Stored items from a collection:

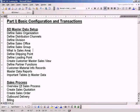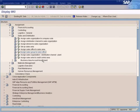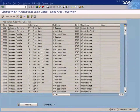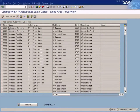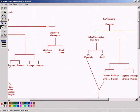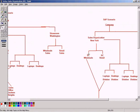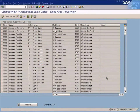Now let us understand what is a sales area. This is important. See this area — it's a combination of sales organization, distribution channel, and division. It's a combination of these three items that we see here.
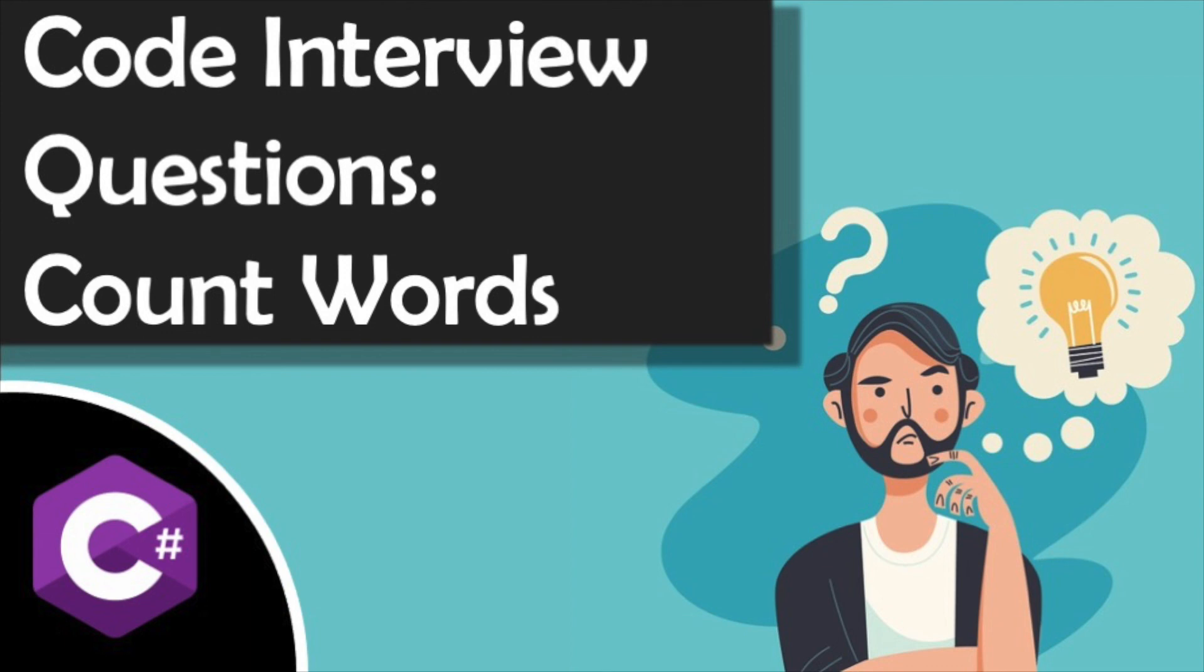That wraps today's code interview questions video on count words. If you are not already a subscriber to our channel but enjoy the content, I'd encourage you to hit the subscribe button down below, as we upload lots of testing-related videos each week on a wide range of topics, from integrating AI into testing to setting up automation frameworks in multiple languages. Thanks for tuning in and I'll catch you on the next video.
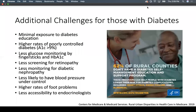There are some additional challenges for those living with diabetes. First, there's minimal exposure to diabetes education. This CDC poster shows that 62% of rural counties don't have a diabetes self-management education and support program, which are quite essential for preventing complications of diabetes.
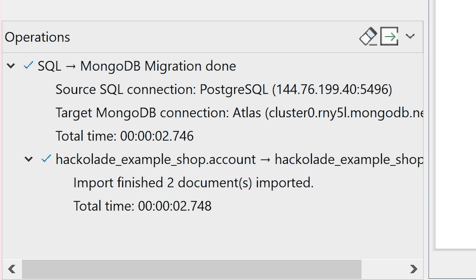In the Operations pane in the bottom left corner of Studio 3T, we can check the successful progress of the migration.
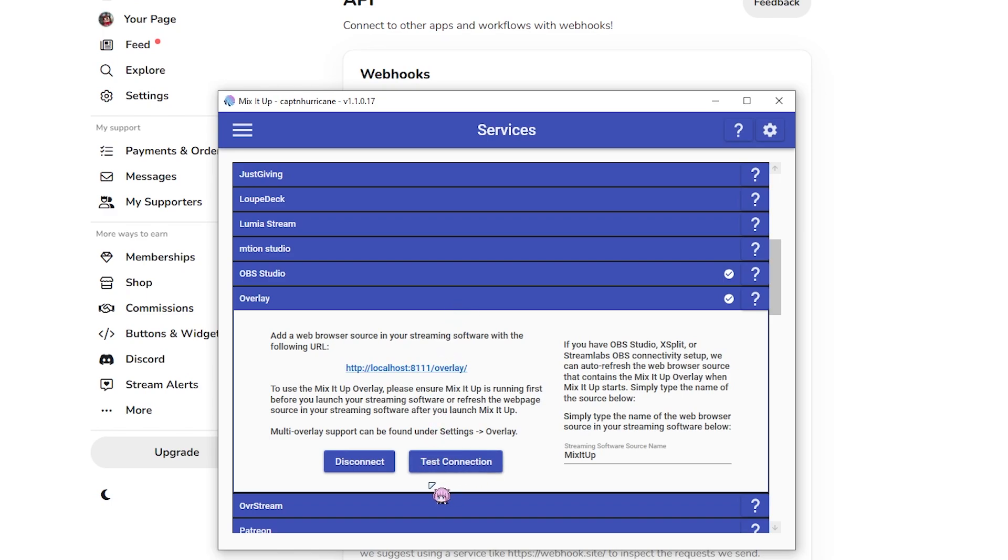Just gotta make sure it's turned on, test the connection and add it to your OBS as a browser source. You can add like a little thing to make sure it's refreshed as it starts up. Otherwise you may have to manually refresh it. I do that anyway.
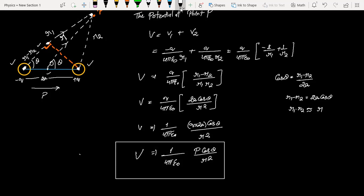Comparing this potential due to a dipole with the potential due to a point charge, we can see that the dipole potential is directly proportional to 1/r², whereas the point charge potential is proportional to 1/r. This is the basic difference between the two. This dipole potential is for a general point, but we can also discuss two special cases: the axial point and the equatorial point.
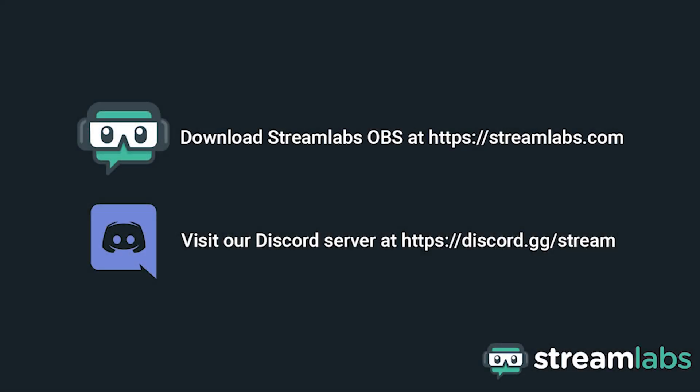Be sure to download Streamlabs OBS by visiting Streamlabs.com and hop into our Discord server at discord.gg/stream for live community support. Check out the links in the description below.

Your task:
In the records, the line containing "That wraps today's" starts the span and the final line ends it. Output exactly that span, both ends included, with no pictures and nothing else.

Exercise response:
That wraps today's code interview questions video on count words. If you are not already a subscriber to our channel but enjoy the content, I'd encourage you to hit the subscribe button down below, as we upload lots of testing-related videos each week on a wide range of topics, from integrating AI into testing to setting up automation frameworks in multiple languages. Thanks for tuning in and I'll catch you on the next video.
There are some additional challenges for those living with diabetes. First, there's minimal exposure to diabetes education. This CDC poster shows that 62% of rural counties don't have a diabetes self-management education and support program, which are quite essential for preventing complications of diabetes.
In the Operations pane in the bottom left corner of Studio 3T, we can check the successful progress of the migration.
Just gotta make sure it's turned on, test the connection and add it to your OBS as a browser source. You can add like a little thing to make sure it's refreshed as it starts up. Otherwise you may have to manually refresh it. I do that anyway.
Comparing this potential due to a dipole with the potential due to a point charge, we can see that the dipole potential is directly proportional to 1/r², whereas the point charge potential is proportional to 1/r. This is the basic difference between the two. This dipole potential is for a general point, but we can also discuss two special cases: the axial point and the equatorial point.
Be sure to download Streamlabs OBS by visiting Streamlabs.com and hop into our Discord server at discord.gg/stream for live community support. Check out the links in the description below.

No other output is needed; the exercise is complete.